Should the Bank of England Halt Gilt Sales? Fund Managers Urge Action on Rocky Debt Market

The financial world is sounding an alarm over the UK’s government debt market. A coalition of powerful asset managers, overseeing over $1.5 trillion in funds, is urgently calling on the Bank of England (BoE) to completely stop selling gilts (UK government bonds) into an already unstable market.

They argue that the BoE’s current policy—known as Quantitative Tightening (QT)—is causing unnecessary stress on Britain’s borrowing costs and racking up massive bills for taxpayers.

 

The Problem: High Costs and Market Instability

 

Britain’s long-term borrowing costs are currently the highest among the world’s most advanced economies (the G7). This instability is driven by several factors, including stubborn inflation and general fiscal worries.

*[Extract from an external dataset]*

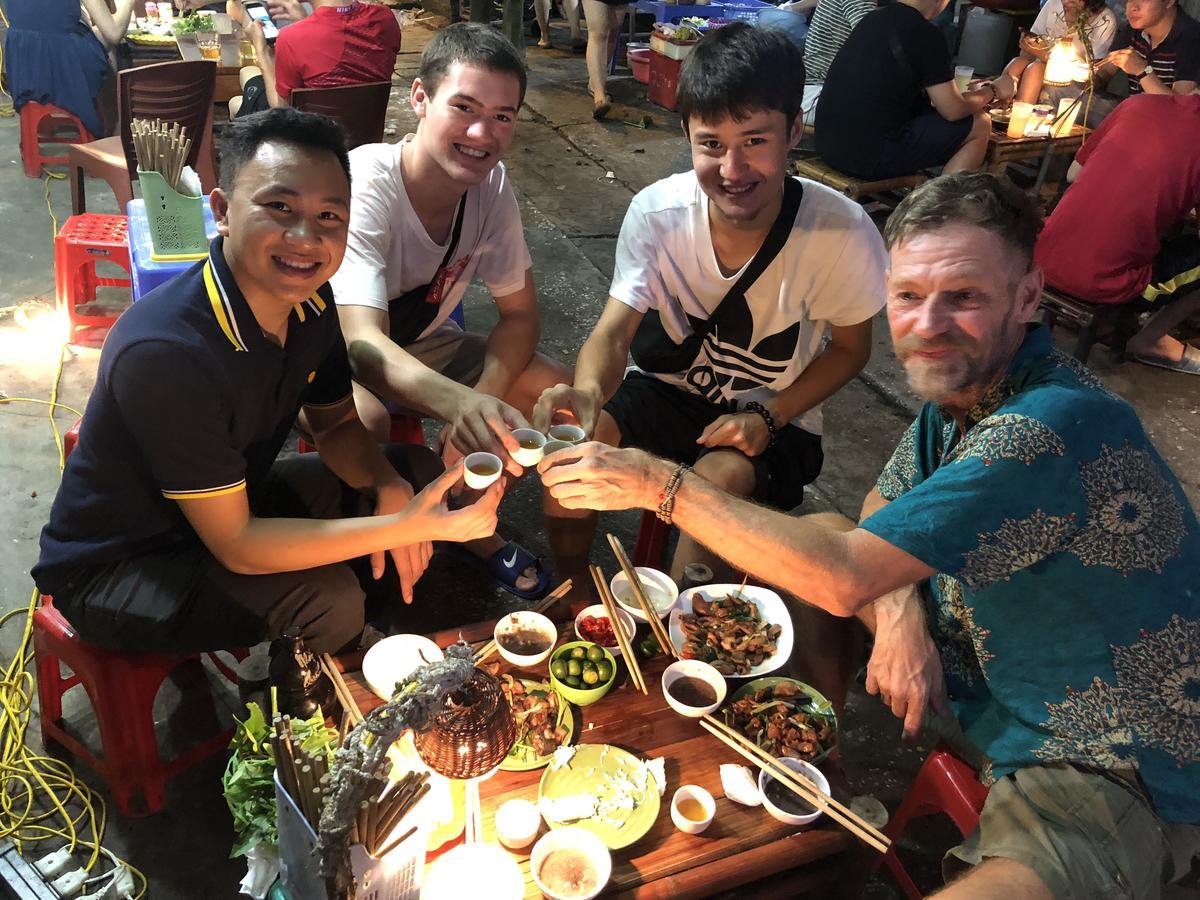 האנוי Vietnam Cheers Hostel מראה חיצוני תמונה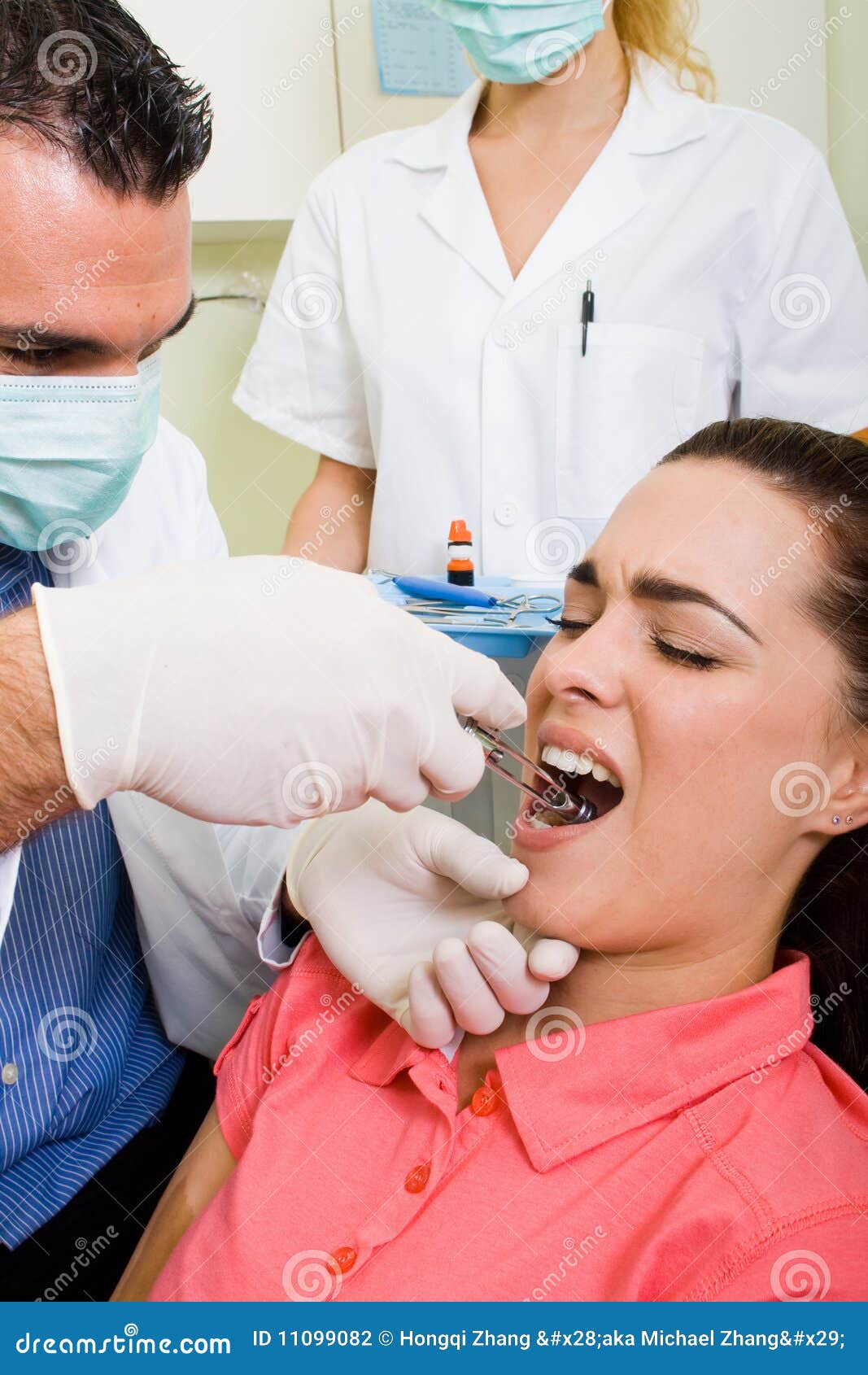 images Pain Dentist Shot dreamstime com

However, top fund managers say the BoE is making things worse by actively dumping its large holdings of gilts. Selling these bonds into a weak market drives their prices down and pushes interest rates up, which increases the cost of borrowing for the entire government.

Mark Dowding, CIO of Fixed Income at RBC BlueBay Asset Management, summed up the sentiment:

“Many investors including ourselves have been saying to the Bank of England you’re making the problem worse, not better. Stop doing this.”

 

The Taxpayer Burden: $29 Billion Annually

A major point of contention is who pays when the value of these bonds drops. The UK Treasury is required to compensate the central bank for any bond-market losses.

While taxpayers benefited when bond prices were rising, the situation has now reversed. Research suggests this arrangement is costing the government an estimated £22 billion (or $29.6 billion) annually. This staggering cost directly drains public finances at a time when the government is under immense pressure to boost economic growth.

The BoE had previously responded to criticism by pledging to slow the pace of its overall bond runoff from £100 billion to £70 billion annually. However, the investment managers insist this isn’t enough and are pressing for a complete halt to active gilt sales.

 

A “Leap in the Dark”

 

The BoE amassed a huge portfolio of £875 billion worth of government bonds between 2009 and 2021 as part of its Quantitative Easing (QE) program to support the economy during financial crises and the pandemic.

Now, the central bank is trying to offload them faster than other major central banks, and this aggressive reversal (QT) has been controversial. A 2024 Treasury Committee report even labeled the QT plan a “leap in the dark” due to the unexpected public money now at stake.

For example, one 40-year gilt issued in 2020 is now trading at only 24% of its original value, highlighting the significant losses the central bank is facing—and which taxpayers must cover.

Despite the current costs, the BoE argues that the net financial benefit to taxpayers since 2012 still amounts to £34 billion. Furthermore, the sales help improve a key measure of the current budget deficit targeted by the government.

However, as the UK’s budget announcement approaches, the pressure on the Bank of England to rethink its strategy and minimize the financial strain on the public purse continues to mount.